I've done some research and got some opinions from some of my car buddies and the consensus is that it is either a leaking head gasket dumping coolant into the cylinders or the coolant seal in the turbo (Toyota CT26) is leaking and dumping coolant there.
I pulled all of the spark plugs and checked them. (I found in the process that I also have an oil leak into the #1 & #2 spark plug tubes. Yay) Here's what the plugs look like. Pay no attention to the oil and the plugs have about 30K or so on them.
1 plug
Plug #2
3 plug
Plug #4
I'm concerned that the #2 plug appears rather clean compared to the other three. I've checked the oil and it looks good, no evidence of coolant. I drove the car to work this week, 40 miles round trip each day, it was down about a third of gallon again so the coolant is going some where. I would think that if I'm dumping that much coolant in #2 that I should see some evidence in the oil. On the other hand, if the coolant seal in the turbo is leaking, I don't see how the coolant is getting into the manifold or how how it would get to the joint between the turbo and the manifold.
I'm at a loss here. Either way, this isn't going to be cheap or easy I expect.

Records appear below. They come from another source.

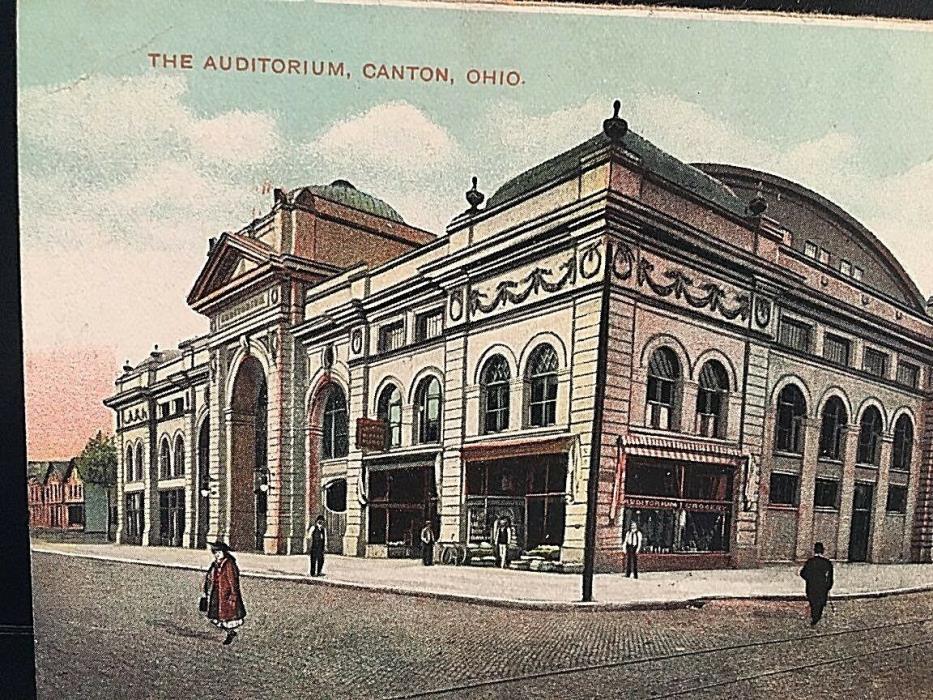 Postcard Early View of The Auditorium in Canton, OH.   W1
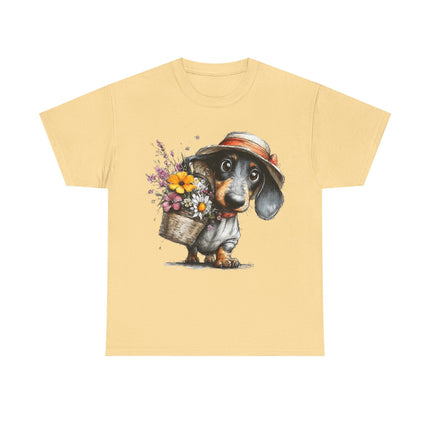 Dachshund with Flower Basket T‑Shirt — Cute Puppy Garden Tee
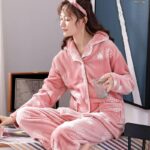 Pyjama polaire en velours pour femme_5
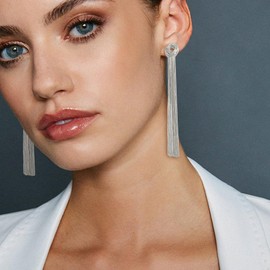 BriLove Fashion Long Big Statement Chain Dangling Chandelier Tassel Fringe Knot Dangle Drop Earrings for Women Party Prom Silver-Tone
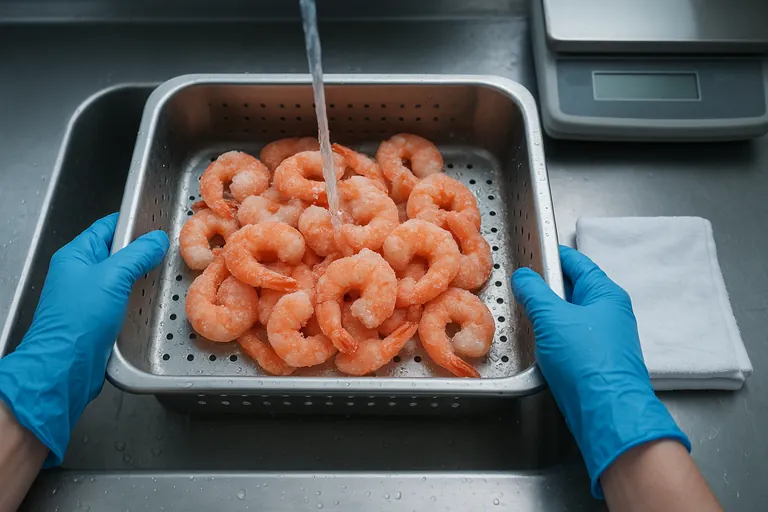 Blue‑gloved hands rinsing frozen shrimp in a perforated tray under cold water to melt the protective ice glaze before draining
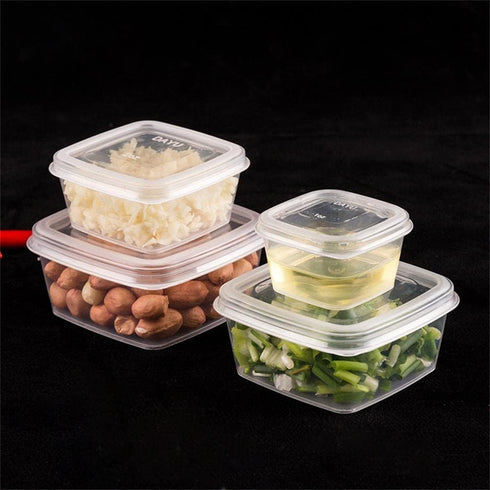 MIUPOO Leak Proof Square Sauce Cup,Plastic Souffle Cups,Disposable Clear Leak Proof Sauce Cup With Hinged Lid,Used for Various Sauces,Food Samples...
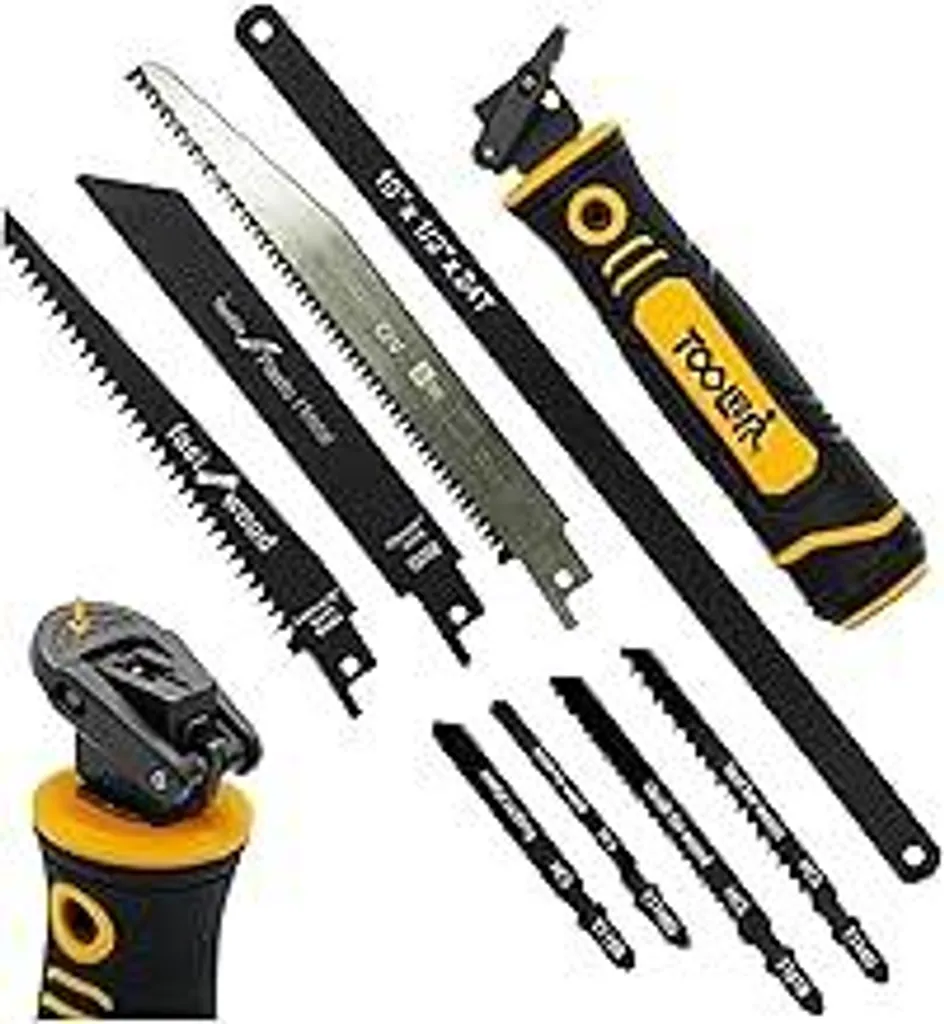 Set seghetto per metalli Magicbox 8 in 1, impugnatura con 8 lame intercambiabili per metallo, legno, cartongesso, design autobloccante e impugnatura ergonomica, seghetto professionale per il fai da te e la lavorazione del legno - 1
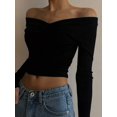 thumbnail image 3 of Women Off Shoulder Twist Front Long Sleeve Crop Top Solid Color Slim Fitted Casual Going Out Blouse, 3 of 11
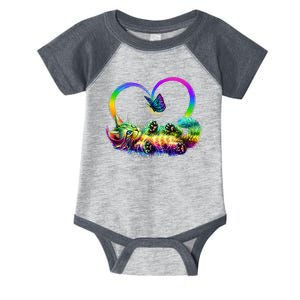 Cute Rainbow Paint Kitten Butterfly Heart Infant Baby Jersey Bodysuit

Looks like plug 2 is steam cleaned. I'd do a pressure test on the cooling system and pretty much plan on doing a HG.
Looks like time for a rebuild. At least a head job.
Knurled
UltimaDork
4/26/15 7:22 a.m.
nitro_alltrac wrote:
I've done some research and got some opinions from some of my car buddies and the consensus is that it is either a leaking head gasket dumping coolant into the cylinders
That one.
or the coolant seal in the turbo (Toyota CT26) is leaking and dumping coolant there.
Make note of the people who said this; you may safely ignore anything they say about any technical matters ever. They are so wrong that there aren't words to describe it.
Turbos do not have water seals anywhere. They just have a water jacket around the bearing housing. There are no seals and there is nothing to seal. The only way coolant could get to the exhaust system would be if the housing was cracked, and in that case it would have to first go through the oiling system, and from there go into the exhaust and in that case you would see a lot of oil in your coolant and coolant in yoru oil and giant clouds of blue smoke from the exhaust long before you noticed a little coolant staining on your exhaust manifold. Which, I hasten to point out, is upstream of the turbo, and failure analysis of blown turbos suggests that exhaust flow doesn't allow anything to go upstream. Downpipes clogged with brown oil soot and manifolds clean, that sort of thing.
In short, you've a cracked head or burnt head gasket, as evidenced by the spark plugs.
Thanks for the input folks. This is what I've been think as well. Just wanted a second opinion.
Knurled, I thought as much about the turbo. I had looked up an exploded parts drawing for the CT26 and couldn't see where there would be coolant seals. It appeared to me that the water passages were cast into the housing. Just wanted additional input on the matter.
So, it looks like I'm off to do the head gasket.